A primer on student debt

Filed under: Law/justice — Mike Kueber @ 3:39 am
Tags: ,

Student debt has become controversial in the past few years because of the convergence of several factors:

  • The exploding cost of college tuition has caused many students to accumulate six-figure debts.
  • For-profit colleges often match their higher tuition with unprepared or unmotivated students.
  • The Bush-Obama economy has created few good-paying opportunities that enable college graduates to repay their debts.

An article in today’s New York Times serves as an excellent primer on a fourth factor that has been on the national radar since 1976.  That is the first time that Congress attempted to restrict the ability of college students to avoid their governmental debt by filing for bankruptcy.  Congress passed even tougher restrictions in 1990 and 1998, and in 2005 it extended those restrictions to private debt incurred from for-profit colleges.

 According to the Times’ article, congressional law provides students with only a narrow exception – i.e., the so-called “Bruner test”:

  • “… named after a case that laid out a three-pronged standard for judges to use when determining whether they should discharge someone’s student loan debt. It calls on judges to examine whether debtors have made a good-faith effort to repay their debt by trying to find a job, earning as much as they can and minimizing expenses. Then comes an examination of a debtor’s budget, with an allowance for a ‘minimal’ standard of living that generally does not allow for much beyond basics like food, shelter and health insurance plus some inexpensive recreation.  The third prong, which looks at a debtor’s future prospects during the loan repayment period, has proved to be especially squirm-inducing for bankruptcy judges because it puts them in the prediction business. This has only been complicated by the fact that many federal judicial circuits have established the ‘certainty of hopelessness’ test that Mr.
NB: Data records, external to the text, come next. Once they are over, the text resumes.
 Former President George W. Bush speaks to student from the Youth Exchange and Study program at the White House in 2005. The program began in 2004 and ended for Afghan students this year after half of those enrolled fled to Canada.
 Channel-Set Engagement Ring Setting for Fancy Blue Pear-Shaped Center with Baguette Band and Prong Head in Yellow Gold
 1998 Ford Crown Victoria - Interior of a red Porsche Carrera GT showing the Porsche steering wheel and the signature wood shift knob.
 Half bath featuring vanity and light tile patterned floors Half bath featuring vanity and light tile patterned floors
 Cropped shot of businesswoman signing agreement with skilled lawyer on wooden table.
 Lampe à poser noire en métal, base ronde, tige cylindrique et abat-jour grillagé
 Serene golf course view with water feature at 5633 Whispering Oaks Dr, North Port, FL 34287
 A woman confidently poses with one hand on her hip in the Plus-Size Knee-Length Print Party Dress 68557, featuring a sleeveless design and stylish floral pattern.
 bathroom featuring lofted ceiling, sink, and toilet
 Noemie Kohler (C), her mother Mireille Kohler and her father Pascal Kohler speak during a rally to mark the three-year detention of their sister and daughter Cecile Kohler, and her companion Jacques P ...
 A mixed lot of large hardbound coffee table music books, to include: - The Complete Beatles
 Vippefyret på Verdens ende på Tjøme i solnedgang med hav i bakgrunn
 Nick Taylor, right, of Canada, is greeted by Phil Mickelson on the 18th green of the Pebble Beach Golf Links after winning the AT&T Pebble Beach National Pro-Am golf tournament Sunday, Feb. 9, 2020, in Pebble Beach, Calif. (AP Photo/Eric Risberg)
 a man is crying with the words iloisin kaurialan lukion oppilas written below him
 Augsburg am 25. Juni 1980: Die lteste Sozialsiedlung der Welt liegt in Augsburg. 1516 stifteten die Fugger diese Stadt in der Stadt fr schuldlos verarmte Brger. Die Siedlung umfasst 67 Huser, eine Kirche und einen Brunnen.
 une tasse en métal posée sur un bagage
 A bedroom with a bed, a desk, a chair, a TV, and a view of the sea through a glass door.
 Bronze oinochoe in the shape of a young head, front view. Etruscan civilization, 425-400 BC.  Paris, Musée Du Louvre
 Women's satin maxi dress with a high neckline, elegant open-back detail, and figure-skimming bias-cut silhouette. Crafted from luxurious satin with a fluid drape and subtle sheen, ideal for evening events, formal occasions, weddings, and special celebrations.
Wallace must pass in Ohio.”

Attempting to discharge student debt through bankruptcy is extremely rare, and the conventional wisdom has been that the onerous, almost insurmountable standards of the Bruner test have scared litigants off.  The Times’ article, however, reports that two recent studies have found that litigants under the restrictive congressional law have been able to obtain relief 39% and 57% of the time.  Thus, the stronger argument is that the administrative/legal cost of obtaining relief exceeds the financial benefit of to the student.

As they didn’t teach us in law school, the wheels of justice don’t turn unless somebody can pay for it.